• _Task directions_
Give again, exactly as written, the lines of the records below from the line with "Ford Galaxy 1.5" to the line with "The Originals City, Eden, Rouen". Both end lines count; pictures do not.

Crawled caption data
+ + + +

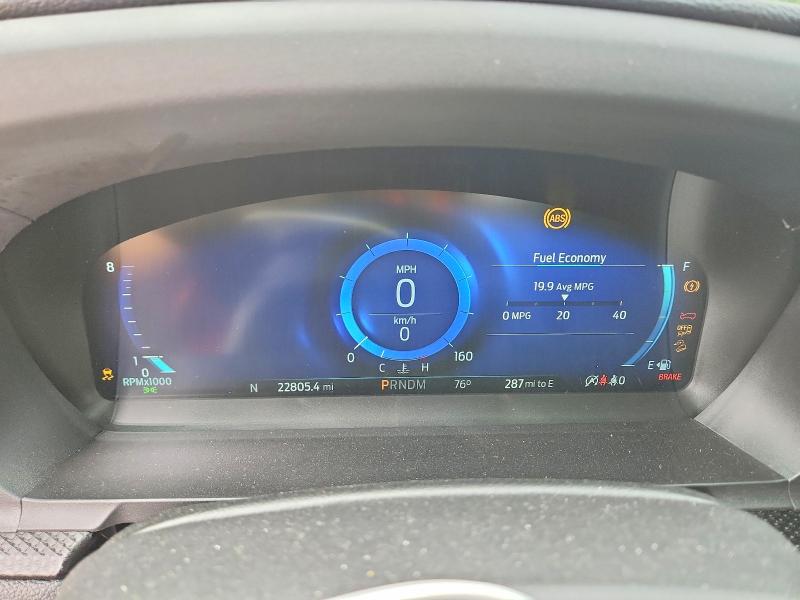 67183686 :رقم المزاد ، 1FM5K8GC3PGC08210 vin ، 2023 Ford Explorer مزاد بيع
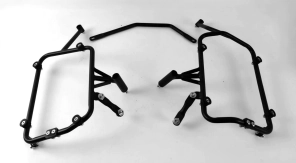 SOPORTE BAULERAS LATERALES VOGE 525DSX 23/25 COOCASE PORTA ALFORJAS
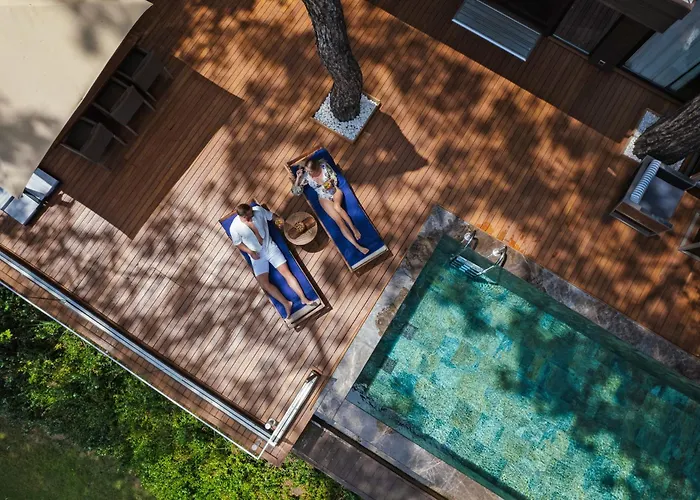 Hotel Club Prive By Rixos Gocek Göcek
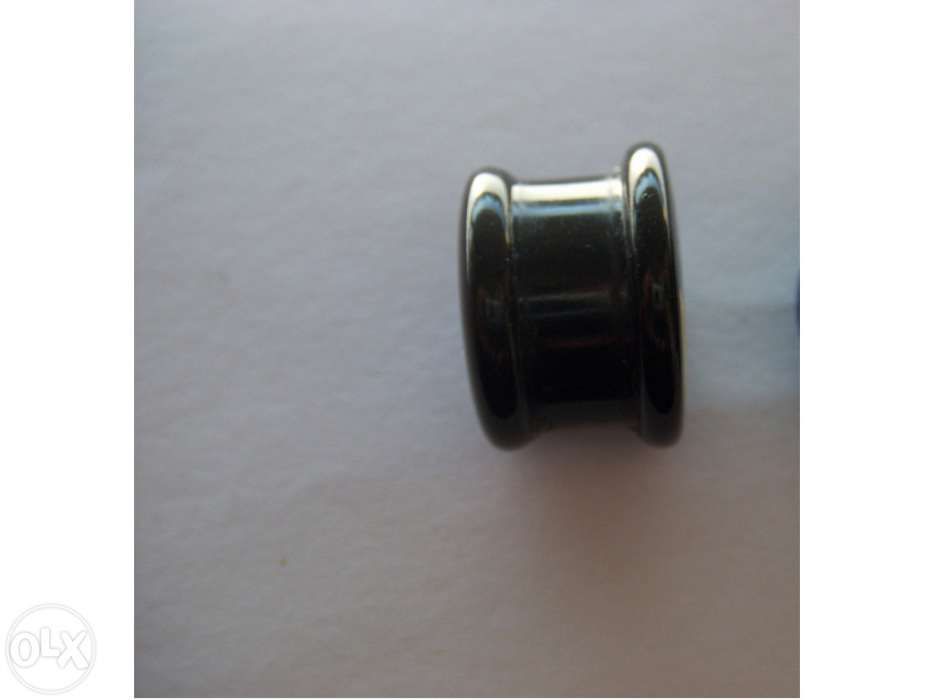 Piercing plug estrela 14 mm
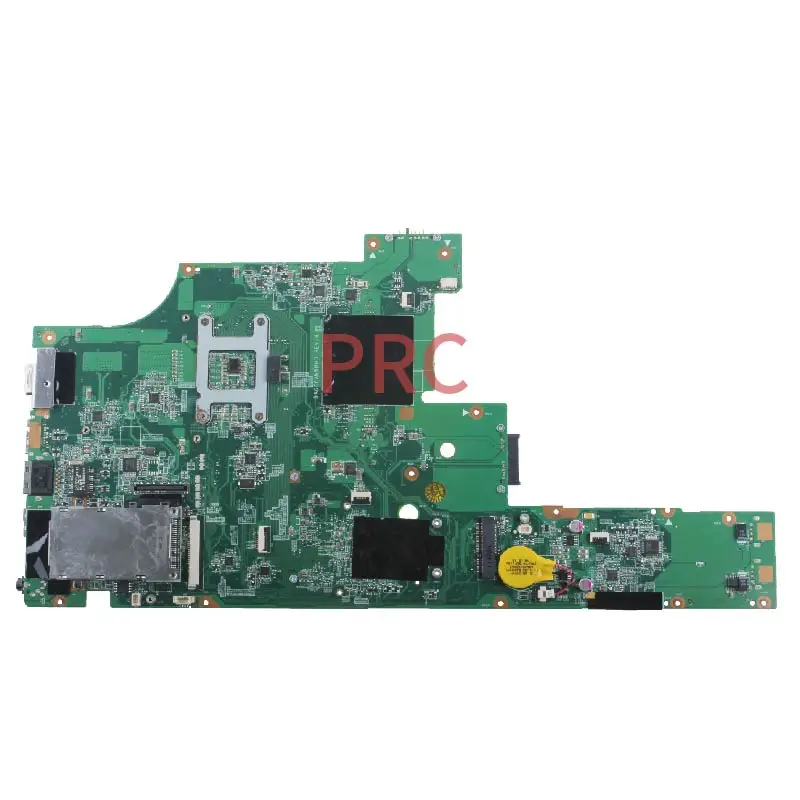 para Lenovo Thinkpad Borda 15 E50 Hm55 Computador Portátil Mainboard Dagc6amb8h0 Dagc6amb8f0 Placa-mãe 63y1600 63y2138 - Imagem 5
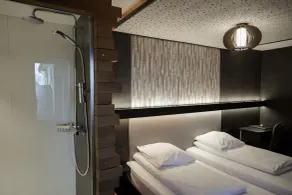 RAVeL Hotel Cyrano - Bagno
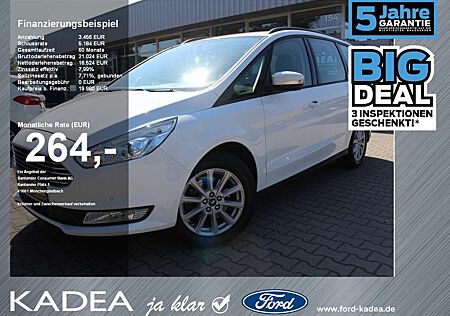 Ford Galaxy 1.5 EcoBoost Trend Navi|Klima|PDC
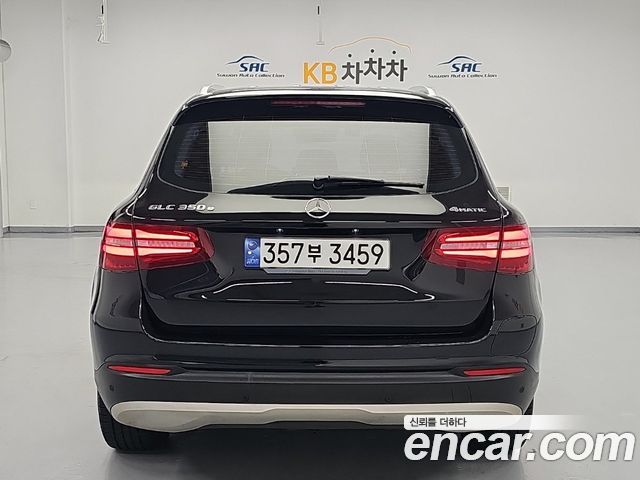 Mercedes-Benz GLC-Class X253 GLC350e 4MATIC Premium - фото 2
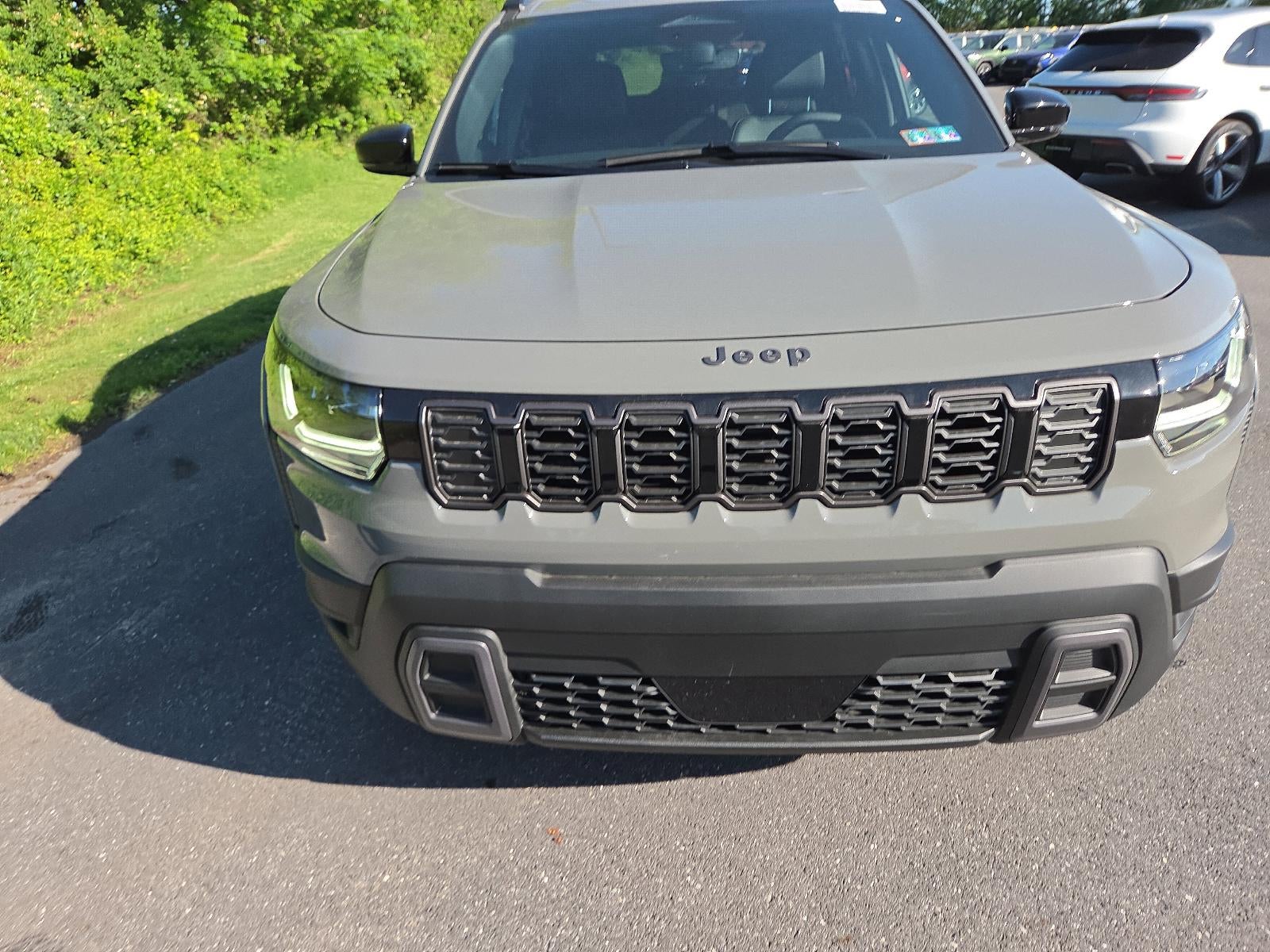 2026 Jeep Cherokee Limited 4x4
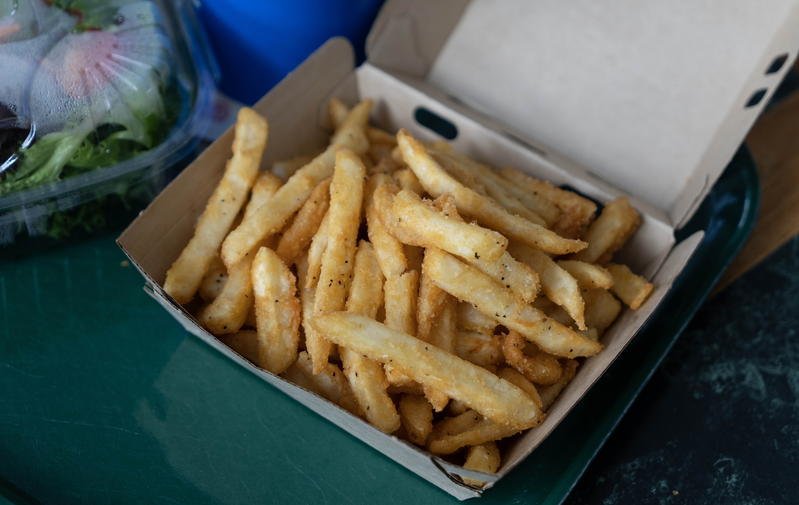 Regard sur le bilan carbone d’un plat de frites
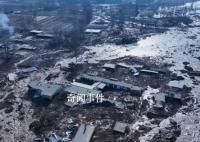地震砂涌逃生者:泥巴在后面追著我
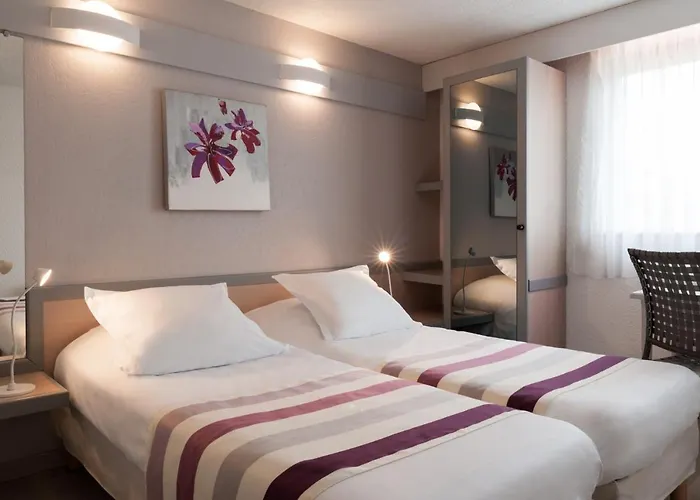 The Originals City, Eden, Rouen Nord Hotel Bois-Guillaume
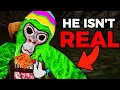 This Ghost Steals Your Identity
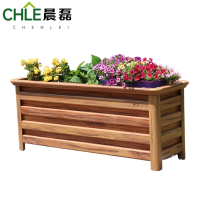 晨磊花箱120*40*40cm/个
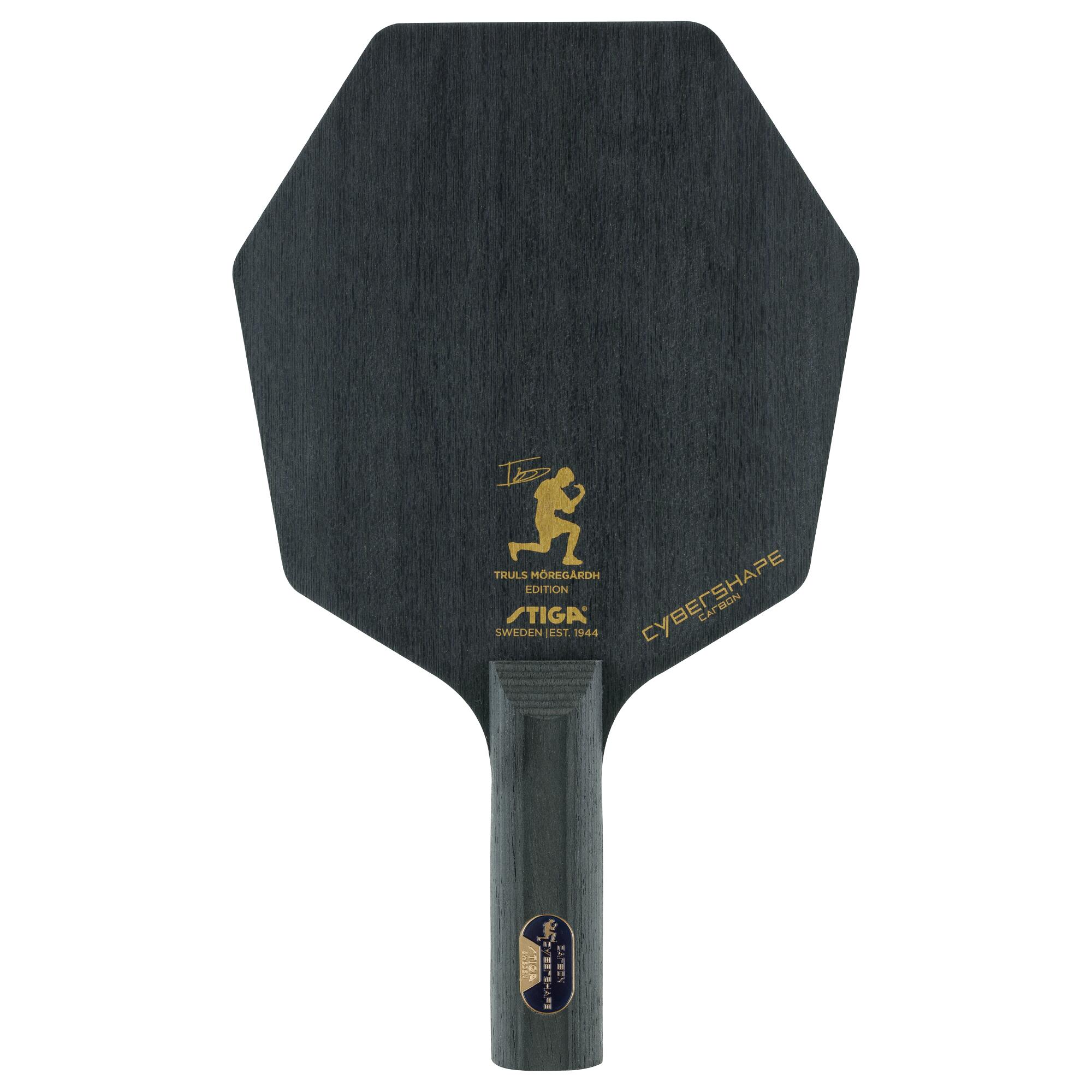 Raquete de Ping-Pong em madeira Cybershape Carbon CWT Truls Edition – Classic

+ + + +

• _Answer box_
 Ford Galaxy 1.5 EcoBoost Trend Navi|Klima|PDC
 Mercedes-Benz GLC-Class X253 GLC350e 4MATIC Premium - фото 2
 2026 Jeep Cherokee Limited 4x4
 Regard sur le bilan carbone d’un plat de frites
地震砂涌逃生者:泥巴在后面追著我
 The Originals City, Eden, Rouen Nord Hotel Bois-Guillaume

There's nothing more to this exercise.